The Problem Isn’t My Kids (or Me), It’s Everybody Else

I am making a barrier with my legs in order to keep my active 2-year-old at bay. Why am I pushing her away? So I can write. Selfish mommy!

When I think of what some other moms/friends/random people on the street would say if they saw me like this — flexing my foot and pressing it firmly but gently against my daughter’s chest while I say, “No, honey. Mommy just needs five more minutes on the computer,” — I cringe. They would totally judge me.

The problem isn’t my child or me in this case. It’s everybody else.

Everybody else in my head is telling me I’m not doing this motherhood thing right. They say I shouldn’t ignore my kid or I’m not feeding/clothing/disciplining her the right way. Or maybe it’s that I’m spending more time on my own pursuits when I should be reading to her more, playing on the floor (which I hate doing by the way), coming up with art projects, or singing songs and playing musical instruments with her. And I should totally be teaching her a second language and introducing her to opera soon. Selfish mommy!

The problem is not my child or me. It’s everyone else. And they’re doing all of it better than me.

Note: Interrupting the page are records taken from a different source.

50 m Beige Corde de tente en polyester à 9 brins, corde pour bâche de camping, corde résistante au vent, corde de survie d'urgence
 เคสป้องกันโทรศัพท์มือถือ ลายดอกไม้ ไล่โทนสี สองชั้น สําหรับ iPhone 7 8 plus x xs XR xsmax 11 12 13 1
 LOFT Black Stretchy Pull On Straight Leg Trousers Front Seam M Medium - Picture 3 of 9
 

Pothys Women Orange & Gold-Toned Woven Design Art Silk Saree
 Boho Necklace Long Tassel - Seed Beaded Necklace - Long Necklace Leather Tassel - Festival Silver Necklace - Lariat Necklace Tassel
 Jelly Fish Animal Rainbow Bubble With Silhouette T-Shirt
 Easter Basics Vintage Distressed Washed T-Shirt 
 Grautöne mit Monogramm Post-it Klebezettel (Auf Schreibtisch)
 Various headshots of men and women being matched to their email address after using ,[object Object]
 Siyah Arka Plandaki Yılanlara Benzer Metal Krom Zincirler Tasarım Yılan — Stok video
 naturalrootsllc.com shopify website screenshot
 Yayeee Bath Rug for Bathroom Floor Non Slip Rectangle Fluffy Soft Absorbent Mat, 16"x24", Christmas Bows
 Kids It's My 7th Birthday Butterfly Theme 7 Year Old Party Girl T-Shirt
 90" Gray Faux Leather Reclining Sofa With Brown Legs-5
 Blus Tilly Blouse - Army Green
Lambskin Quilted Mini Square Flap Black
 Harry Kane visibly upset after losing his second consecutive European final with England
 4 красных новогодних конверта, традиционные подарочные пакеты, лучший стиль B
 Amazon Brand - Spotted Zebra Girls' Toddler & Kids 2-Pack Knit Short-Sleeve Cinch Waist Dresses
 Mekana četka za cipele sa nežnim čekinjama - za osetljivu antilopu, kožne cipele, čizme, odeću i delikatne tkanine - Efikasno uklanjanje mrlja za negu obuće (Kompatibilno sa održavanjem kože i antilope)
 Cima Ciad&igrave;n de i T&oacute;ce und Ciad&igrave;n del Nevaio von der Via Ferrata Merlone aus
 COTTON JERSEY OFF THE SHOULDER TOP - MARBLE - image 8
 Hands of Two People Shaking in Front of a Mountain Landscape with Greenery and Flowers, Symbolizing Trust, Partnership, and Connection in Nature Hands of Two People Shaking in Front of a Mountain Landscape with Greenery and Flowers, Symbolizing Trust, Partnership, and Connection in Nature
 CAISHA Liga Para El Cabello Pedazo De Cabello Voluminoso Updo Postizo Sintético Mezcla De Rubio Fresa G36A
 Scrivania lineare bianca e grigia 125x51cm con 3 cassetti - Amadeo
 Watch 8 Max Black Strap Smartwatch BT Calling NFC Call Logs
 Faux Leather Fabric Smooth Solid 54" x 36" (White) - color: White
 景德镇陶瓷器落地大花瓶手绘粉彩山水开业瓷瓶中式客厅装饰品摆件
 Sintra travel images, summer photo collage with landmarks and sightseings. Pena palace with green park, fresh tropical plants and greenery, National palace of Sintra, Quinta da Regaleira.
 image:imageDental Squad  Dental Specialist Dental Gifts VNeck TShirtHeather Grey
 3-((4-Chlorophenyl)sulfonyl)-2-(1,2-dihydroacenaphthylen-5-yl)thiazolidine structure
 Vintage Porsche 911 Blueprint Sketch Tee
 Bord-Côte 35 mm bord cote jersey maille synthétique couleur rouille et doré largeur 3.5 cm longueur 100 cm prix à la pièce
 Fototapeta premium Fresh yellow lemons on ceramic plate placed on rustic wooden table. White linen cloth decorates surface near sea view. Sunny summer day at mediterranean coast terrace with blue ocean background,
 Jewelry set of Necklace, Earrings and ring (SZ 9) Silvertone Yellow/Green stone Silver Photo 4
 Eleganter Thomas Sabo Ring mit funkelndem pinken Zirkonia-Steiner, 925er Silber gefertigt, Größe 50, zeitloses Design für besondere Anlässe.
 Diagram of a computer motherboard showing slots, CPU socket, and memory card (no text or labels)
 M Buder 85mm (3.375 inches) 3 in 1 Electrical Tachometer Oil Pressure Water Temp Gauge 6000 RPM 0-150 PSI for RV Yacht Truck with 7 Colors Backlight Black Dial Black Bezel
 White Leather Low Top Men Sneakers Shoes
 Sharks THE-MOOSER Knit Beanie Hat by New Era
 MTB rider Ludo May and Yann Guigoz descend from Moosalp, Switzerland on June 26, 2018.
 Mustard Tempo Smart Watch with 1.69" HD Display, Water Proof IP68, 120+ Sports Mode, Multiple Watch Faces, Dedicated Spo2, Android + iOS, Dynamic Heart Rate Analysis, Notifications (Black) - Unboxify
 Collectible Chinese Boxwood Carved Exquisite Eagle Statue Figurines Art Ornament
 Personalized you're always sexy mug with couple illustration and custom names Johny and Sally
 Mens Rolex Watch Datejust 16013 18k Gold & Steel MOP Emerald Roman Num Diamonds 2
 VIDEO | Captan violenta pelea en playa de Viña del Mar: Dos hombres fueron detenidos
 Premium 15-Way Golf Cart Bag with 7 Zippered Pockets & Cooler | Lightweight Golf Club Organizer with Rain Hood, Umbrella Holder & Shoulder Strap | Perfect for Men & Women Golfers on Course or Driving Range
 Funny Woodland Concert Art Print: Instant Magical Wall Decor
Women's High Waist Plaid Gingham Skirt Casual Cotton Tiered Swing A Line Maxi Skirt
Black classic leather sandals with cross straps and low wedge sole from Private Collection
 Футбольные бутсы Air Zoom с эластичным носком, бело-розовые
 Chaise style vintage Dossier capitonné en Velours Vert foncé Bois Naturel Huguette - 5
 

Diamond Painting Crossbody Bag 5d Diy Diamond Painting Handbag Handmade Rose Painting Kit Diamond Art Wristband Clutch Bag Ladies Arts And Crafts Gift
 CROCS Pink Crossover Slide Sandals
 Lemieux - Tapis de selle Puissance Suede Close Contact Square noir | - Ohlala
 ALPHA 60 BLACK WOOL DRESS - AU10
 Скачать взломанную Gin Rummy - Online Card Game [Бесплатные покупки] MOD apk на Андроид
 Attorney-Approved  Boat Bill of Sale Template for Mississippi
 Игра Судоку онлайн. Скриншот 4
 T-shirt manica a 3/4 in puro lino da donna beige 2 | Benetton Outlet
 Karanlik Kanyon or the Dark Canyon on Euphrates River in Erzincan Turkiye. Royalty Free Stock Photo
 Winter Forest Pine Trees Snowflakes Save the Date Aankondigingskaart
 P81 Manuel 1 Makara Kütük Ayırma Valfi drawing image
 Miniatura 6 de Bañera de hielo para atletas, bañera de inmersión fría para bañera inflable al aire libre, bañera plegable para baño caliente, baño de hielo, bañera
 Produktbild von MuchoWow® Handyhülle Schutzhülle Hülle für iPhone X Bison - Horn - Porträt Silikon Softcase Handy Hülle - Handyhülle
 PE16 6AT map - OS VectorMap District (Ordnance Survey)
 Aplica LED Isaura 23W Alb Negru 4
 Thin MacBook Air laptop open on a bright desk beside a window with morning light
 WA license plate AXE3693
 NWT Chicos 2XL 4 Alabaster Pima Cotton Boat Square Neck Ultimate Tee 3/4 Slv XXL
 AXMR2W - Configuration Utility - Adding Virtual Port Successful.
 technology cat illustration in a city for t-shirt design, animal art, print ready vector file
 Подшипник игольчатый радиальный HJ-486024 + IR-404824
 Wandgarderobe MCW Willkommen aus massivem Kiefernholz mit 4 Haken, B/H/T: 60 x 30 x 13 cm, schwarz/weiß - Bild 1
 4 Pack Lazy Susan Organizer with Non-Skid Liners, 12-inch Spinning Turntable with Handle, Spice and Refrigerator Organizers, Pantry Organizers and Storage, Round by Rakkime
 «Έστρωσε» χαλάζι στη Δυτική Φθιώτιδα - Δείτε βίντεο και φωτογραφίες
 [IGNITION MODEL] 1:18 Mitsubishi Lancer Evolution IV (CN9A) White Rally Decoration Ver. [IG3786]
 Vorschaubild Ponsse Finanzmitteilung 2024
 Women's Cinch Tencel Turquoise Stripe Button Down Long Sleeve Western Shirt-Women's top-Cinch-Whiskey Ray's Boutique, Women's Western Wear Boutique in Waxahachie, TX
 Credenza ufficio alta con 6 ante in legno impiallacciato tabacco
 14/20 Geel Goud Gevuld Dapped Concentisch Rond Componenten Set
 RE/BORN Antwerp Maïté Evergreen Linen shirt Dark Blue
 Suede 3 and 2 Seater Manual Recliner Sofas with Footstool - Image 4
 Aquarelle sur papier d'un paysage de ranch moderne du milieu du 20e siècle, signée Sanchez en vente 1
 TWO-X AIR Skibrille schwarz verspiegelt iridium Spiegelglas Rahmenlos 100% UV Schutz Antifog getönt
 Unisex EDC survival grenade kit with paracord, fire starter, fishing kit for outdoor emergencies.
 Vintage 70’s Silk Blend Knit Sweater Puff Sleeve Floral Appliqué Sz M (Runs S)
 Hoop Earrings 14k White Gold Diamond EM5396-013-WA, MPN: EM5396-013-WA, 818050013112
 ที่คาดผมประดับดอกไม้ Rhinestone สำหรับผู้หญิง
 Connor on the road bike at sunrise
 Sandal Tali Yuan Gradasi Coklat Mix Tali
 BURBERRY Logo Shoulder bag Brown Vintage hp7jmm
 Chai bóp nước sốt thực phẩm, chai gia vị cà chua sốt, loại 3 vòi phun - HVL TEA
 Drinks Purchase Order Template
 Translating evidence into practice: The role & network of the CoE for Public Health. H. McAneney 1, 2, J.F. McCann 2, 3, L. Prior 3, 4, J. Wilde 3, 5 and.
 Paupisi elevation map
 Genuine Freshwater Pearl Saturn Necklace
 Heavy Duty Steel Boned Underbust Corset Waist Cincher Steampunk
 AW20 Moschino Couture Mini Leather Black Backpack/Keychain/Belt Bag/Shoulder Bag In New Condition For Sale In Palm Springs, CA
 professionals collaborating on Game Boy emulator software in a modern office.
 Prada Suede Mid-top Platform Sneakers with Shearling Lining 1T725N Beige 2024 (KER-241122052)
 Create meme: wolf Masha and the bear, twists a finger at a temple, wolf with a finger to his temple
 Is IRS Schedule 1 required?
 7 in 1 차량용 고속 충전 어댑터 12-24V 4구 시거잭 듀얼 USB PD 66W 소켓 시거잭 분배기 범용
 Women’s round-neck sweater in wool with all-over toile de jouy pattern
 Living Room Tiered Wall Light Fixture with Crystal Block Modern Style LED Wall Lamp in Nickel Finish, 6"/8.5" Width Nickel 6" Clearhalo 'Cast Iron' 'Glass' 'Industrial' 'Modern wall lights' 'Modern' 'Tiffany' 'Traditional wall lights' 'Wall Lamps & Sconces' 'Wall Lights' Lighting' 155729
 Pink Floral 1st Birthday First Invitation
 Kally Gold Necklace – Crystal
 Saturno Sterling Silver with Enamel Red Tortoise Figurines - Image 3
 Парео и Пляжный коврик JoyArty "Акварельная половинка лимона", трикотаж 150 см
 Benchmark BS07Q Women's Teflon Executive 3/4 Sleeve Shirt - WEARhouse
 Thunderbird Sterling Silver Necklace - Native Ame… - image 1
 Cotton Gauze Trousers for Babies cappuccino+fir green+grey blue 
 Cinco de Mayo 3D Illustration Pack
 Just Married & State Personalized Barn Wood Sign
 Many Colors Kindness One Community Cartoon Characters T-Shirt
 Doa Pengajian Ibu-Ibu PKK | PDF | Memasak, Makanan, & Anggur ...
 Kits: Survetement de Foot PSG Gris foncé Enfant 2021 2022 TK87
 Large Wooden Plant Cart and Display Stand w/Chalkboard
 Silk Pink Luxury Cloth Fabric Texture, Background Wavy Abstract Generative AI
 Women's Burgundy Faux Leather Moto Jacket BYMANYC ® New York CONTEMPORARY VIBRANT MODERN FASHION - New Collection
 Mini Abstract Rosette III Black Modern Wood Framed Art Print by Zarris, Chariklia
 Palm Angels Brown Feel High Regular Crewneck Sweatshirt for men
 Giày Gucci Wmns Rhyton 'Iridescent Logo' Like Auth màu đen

Here’s an example. A few times a week I stop after my older daughter’s school drop-off and get my 2-year-old a cookie at our local bakery. I posted the photo above on Facebook once and got a back-handed compliment from a mom friend — “That’s a lot of sugar first thing in the morning!” I promptly deleted her comment. I didn’t want anyone else on my feed to see my mommy failure. And then I considered deleting the photo that announced to the world that yes, at 8:35 on a Tuesday morning, I bought my daughter a chocolate-and-jelly-stuffed sandwich cookie with frosting and sprinkles. I have totally screwed up her teeth/appetite/body image for life. A better mom would have given her a slice of an apple and called it a day.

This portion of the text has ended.